__RECORDS FOR PROCESSING__
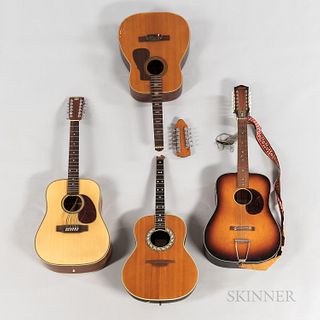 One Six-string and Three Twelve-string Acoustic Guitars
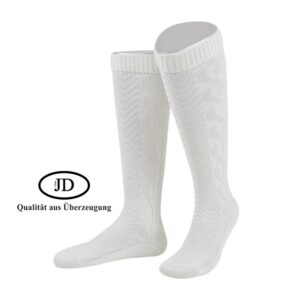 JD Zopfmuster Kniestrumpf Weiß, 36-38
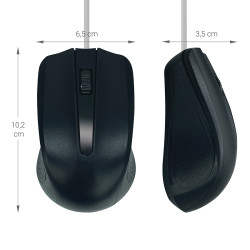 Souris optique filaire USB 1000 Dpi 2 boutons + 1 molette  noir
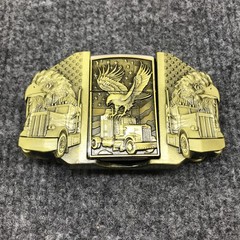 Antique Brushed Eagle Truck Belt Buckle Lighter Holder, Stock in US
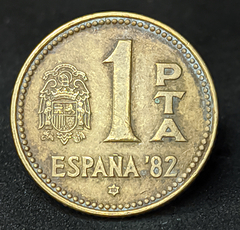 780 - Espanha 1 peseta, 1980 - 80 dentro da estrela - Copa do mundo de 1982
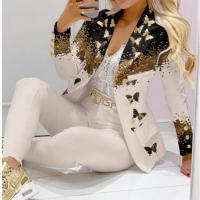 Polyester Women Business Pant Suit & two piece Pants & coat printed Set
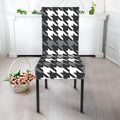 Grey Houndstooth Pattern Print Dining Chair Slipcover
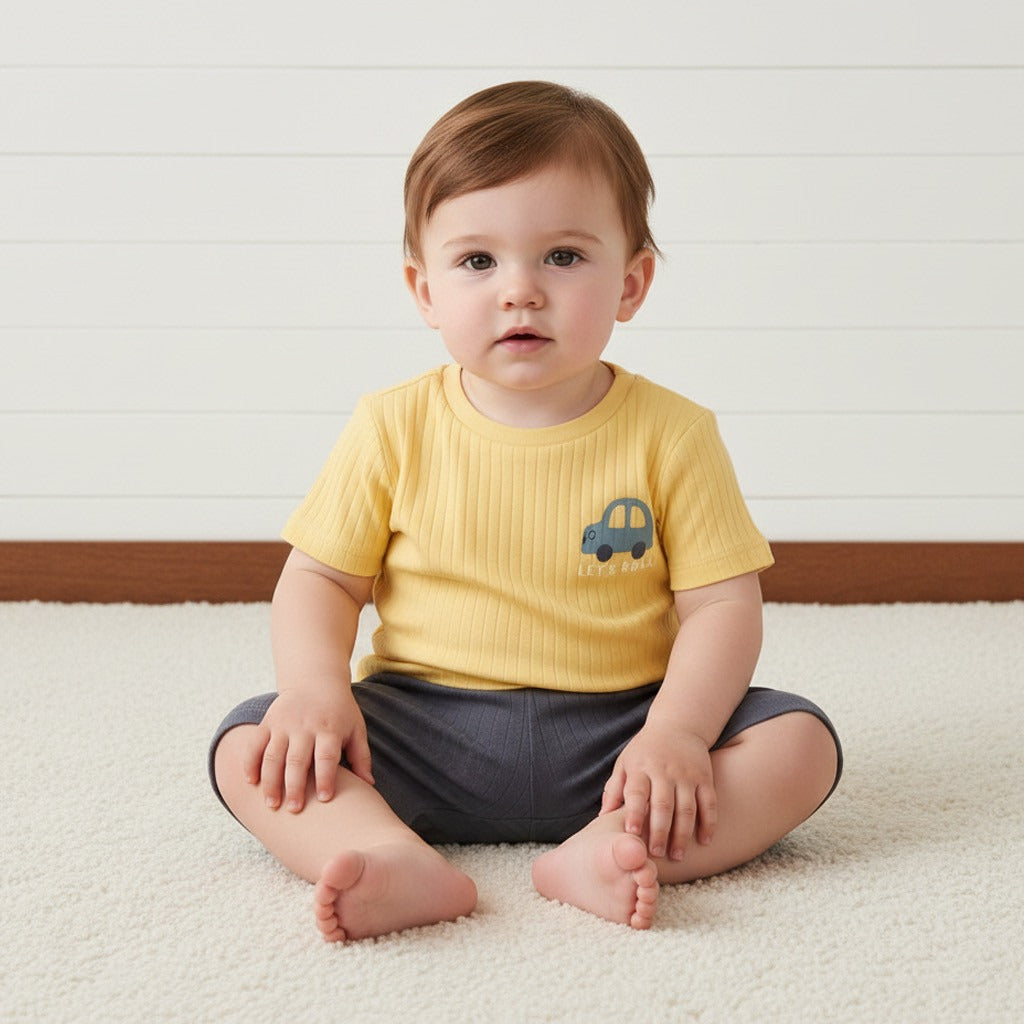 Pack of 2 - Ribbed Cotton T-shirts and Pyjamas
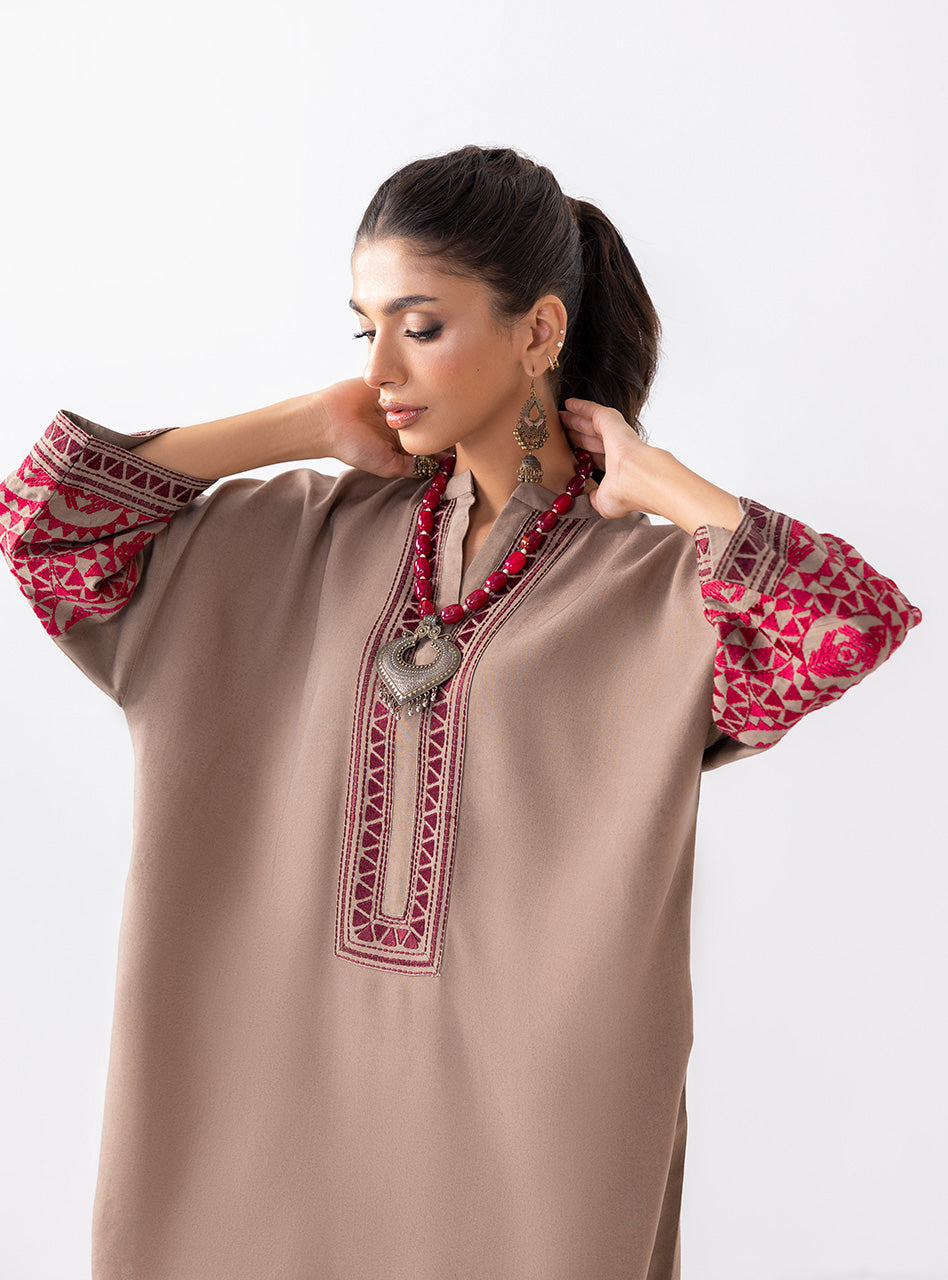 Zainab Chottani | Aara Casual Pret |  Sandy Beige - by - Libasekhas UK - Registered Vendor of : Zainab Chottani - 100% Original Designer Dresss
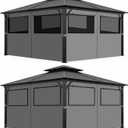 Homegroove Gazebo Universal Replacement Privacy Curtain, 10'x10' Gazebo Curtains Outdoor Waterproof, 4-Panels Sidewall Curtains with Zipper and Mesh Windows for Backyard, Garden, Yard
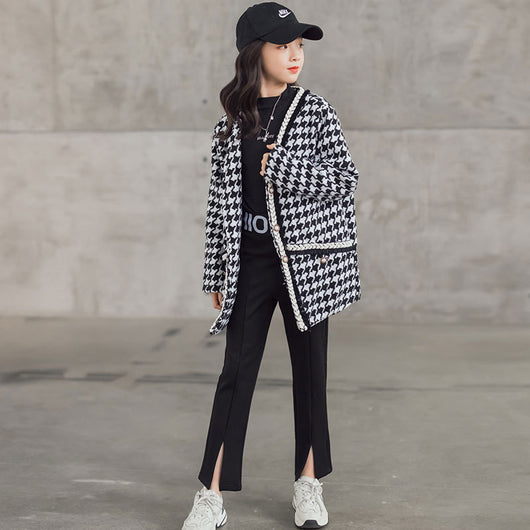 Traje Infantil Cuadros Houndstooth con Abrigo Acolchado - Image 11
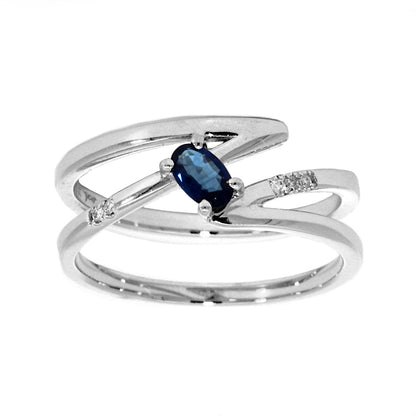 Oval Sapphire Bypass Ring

* * *

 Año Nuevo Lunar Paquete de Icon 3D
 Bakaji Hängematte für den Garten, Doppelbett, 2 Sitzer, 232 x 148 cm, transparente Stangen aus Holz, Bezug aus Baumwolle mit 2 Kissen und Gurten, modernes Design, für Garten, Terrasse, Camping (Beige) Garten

...

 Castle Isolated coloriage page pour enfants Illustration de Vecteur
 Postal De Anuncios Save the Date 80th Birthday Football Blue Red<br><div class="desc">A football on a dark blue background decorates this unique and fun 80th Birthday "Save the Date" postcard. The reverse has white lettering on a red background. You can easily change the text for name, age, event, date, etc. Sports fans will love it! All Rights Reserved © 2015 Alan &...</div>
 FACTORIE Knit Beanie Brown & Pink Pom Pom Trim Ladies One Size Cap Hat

__WHAT IS BEING ASKED__
Using the listing above, repeat word for word each line from the one with "One Six-string and" down to the one with "Polyester Women Business", both included. Omit all pictures.

__OUTPUT OF THE EXERCISE__
 One Six-string and Three Twelve-string Acoustic Guitars
 JD Zopfmuster Kniestrumpf Weiß, 36-38
 Souris optique filaire USB 1000 Dpi 2 boutons + 1 molette  noir
 Antique Brushed Eagle Truck Belt Buckle Lighter Holder, Stock in US
 780 - Espanha 1 peseta, 1980 - 80 dentro da estrela - Copa do mundo de 1982
 Polyester Women Business Pant Suit & two piece Pants & coat printed Set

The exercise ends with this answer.